▸ **Your objective**
Output, word for word, the line that contains "Then, add a" and all lines after it in the records below, omitting pictures.

▸ **Saved data entries**
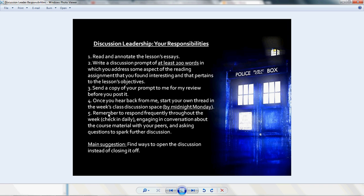My main suggestion is that you find ways to open the discussion instead of closing it off. A really great way to open the discussion is to ask a question or try to make connections between what other people have said. For instance, you could say so-and-so said this, and so-and-so said this — now how can we bring these ideas together? Kinds of things like that will help you open the discussion instead of closing it off.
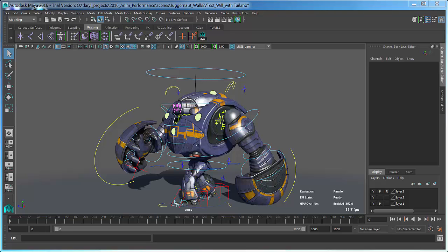Hey everybody, my name is Daryl Obero. Welcome back to Maya Mondays. Today I'm going to be talking to you about Parallel Rig Evaluation.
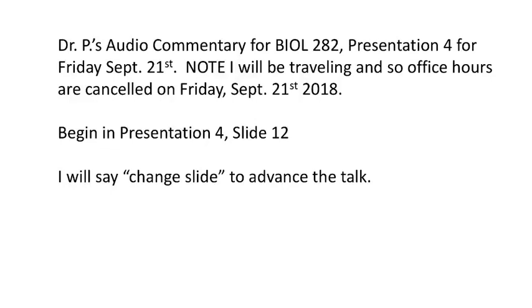Hi folks. I'm going to begin our slide commentary with a brief review of what we saw on slide 12: theories of complete dominance.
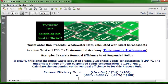Let's look at the basic formula first. It says that the removal efficiency percentage is the number in minus out, divided by the number in, times 100.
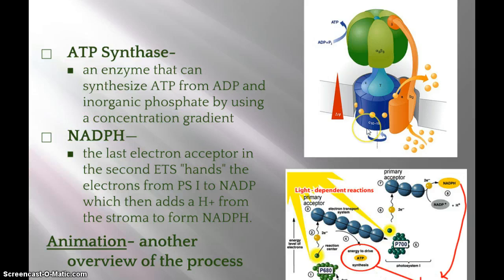So that's the summary of the light-dependent reaction.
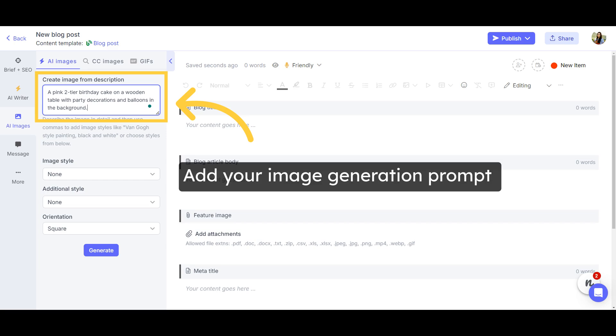Then, add a detailed description of the image you want to generate. Make sure to include details like color, background, or any specific style.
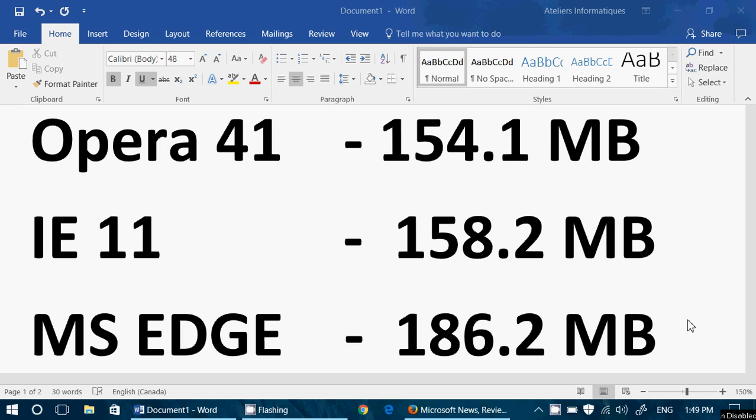One thing that is interesting, as I was looking at the numbers move all the time, Opera 41 and Internet Explorer 11 would interchange positions. Sometimes IE 11 would be first, sometimes Opera 41 would be first. But Microsoft Edge stayed third all the time. It never moved far enough or lowered its memory usage enough to claim any other spot than number three.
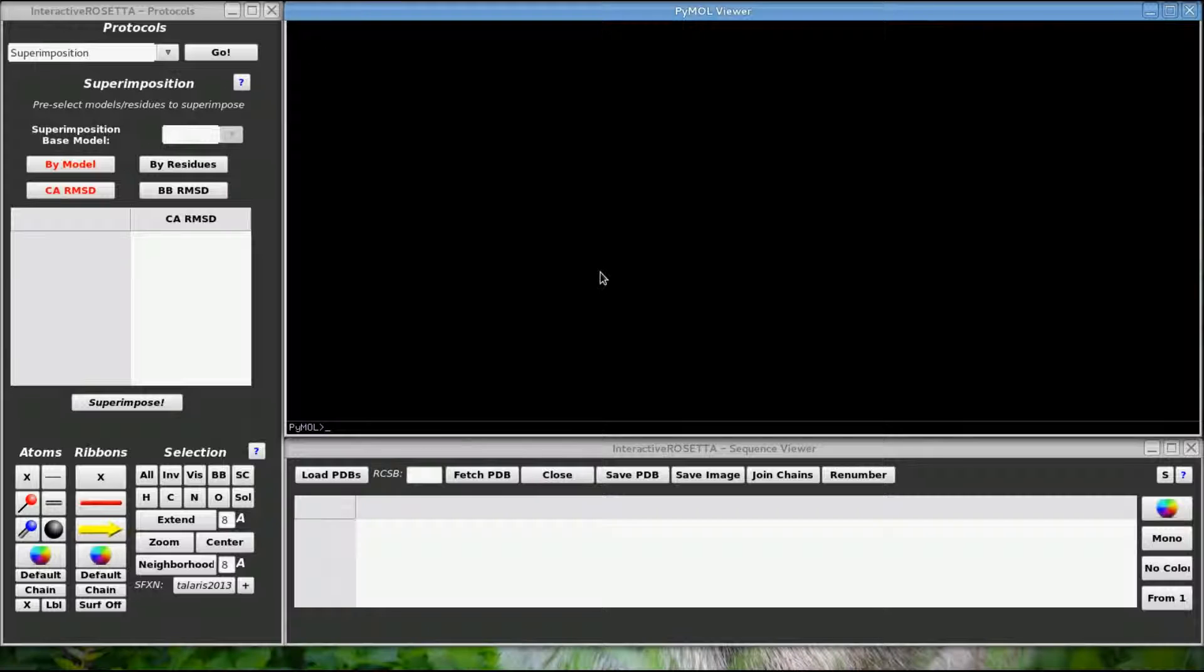I am running Interactive Rosetta on a Linux system, but everything will be the same for Windows and Mac users. The styles of the controls will be a little different.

▸ **Solved problem**
Then, add a detailed description of the image you want to generate. Make sure to include details like color, background, or any specific style.
One thing that is interesting, as I was looking at the numbers move all the time, Opera 41 and Internet Explorer 11 would interchange positions. Sometimes IE 11 would be first, sometimes Opera 41 would be first. But Microsoft Edge stayed third all the time. It never moved far enough or lowered its memory usage enough to claim any other spot than number three.
I am running Interactive Rosetta on a Linux system, but everything will be the same for Windows and Mac users. The styles of the controls will be a little different.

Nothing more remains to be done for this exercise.